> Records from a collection

◇ ◇ ◇ ◇ ◇

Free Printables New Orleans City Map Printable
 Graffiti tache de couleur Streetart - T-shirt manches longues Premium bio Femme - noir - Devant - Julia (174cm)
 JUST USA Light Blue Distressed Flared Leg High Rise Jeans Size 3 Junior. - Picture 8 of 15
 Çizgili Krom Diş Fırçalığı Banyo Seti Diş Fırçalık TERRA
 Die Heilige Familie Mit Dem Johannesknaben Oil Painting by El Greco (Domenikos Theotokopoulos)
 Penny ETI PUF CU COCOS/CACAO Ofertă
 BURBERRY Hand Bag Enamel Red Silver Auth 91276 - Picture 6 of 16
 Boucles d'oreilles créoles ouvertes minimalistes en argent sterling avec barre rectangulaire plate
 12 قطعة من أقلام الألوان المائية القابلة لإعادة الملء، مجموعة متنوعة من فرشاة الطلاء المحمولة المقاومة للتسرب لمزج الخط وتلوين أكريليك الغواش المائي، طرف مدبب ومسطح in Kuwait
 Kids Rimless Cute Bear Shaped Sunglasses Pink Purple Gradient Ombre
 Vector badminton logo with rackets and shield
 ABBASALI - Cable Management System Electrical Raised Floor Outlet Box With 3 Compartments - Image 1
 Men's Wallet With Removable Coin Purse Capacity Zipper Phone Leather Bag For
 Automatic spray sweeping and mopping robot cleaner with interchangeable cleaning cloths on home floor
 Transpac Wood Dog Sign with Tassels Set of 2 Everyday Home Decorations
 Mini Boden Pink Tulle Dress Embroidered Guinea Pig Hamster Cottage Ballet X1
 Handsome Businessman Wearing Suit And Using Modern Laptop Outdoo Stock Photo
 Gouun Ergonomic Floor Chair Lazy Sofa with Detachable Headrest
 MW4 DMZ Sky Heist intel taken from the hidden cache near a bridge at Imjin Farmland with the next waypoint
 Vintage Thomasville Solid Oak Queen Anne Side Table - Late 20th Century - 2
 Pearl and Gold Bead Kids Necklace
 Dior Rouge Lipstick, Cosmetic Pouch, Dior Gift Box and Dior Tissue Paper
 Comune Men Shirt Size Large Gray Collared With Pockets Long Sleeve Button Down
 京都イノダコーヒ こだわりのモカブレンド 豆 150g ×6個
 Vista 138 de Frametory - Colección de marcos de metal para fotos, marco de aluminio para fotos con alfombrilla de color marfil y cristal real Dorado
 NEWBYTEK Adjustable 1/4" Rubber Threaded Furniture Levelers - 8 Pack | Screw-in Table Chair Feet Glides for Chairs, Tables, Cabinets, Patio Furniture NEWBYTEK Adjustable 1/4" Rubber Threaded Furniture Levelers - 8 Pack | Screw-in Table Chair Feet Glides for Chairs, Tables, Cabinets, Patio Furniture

◇ ◇ ◇ ◇ ◇

> Exercise brief
Write down, word for word, the lines above from the one containing "Çizgili Krom Diş" through the one containing "Kids Rimless Cute", both ends included.

> Response to the task
 Çizgili Krom Diş Fırçalığı Banyo Seti Diş Fırçalık TERRA
 Die Heilige Familie Mit Dem Johannesknaben Oil Painting by El Greco (Domenikos Theotokopoulos)
 Penny ETI PUF CU COCOS/CACAO Ofertă
 BURBERRY Hand Bag Enamel Red Silver Auth 91276 - Picture 6 of 16
 Boucles d'oreilles créoles ouvertes minimalistes en argent sterling avec barre rectangulaire plate
 12 قطعة من أقلام الألوان المائية القابلة لإعادة الملء، مجموعة متنوعة من فرشاة الطلاء المحمولة المقاومة للتسرب لمزج الخط وتلوين أكريليك الغواش المائي، طرف مدبب ومسطح in Kuwait
 Kids Rimless Cute Bear Shaped Sunglasses Pink Purple Gradient Ombre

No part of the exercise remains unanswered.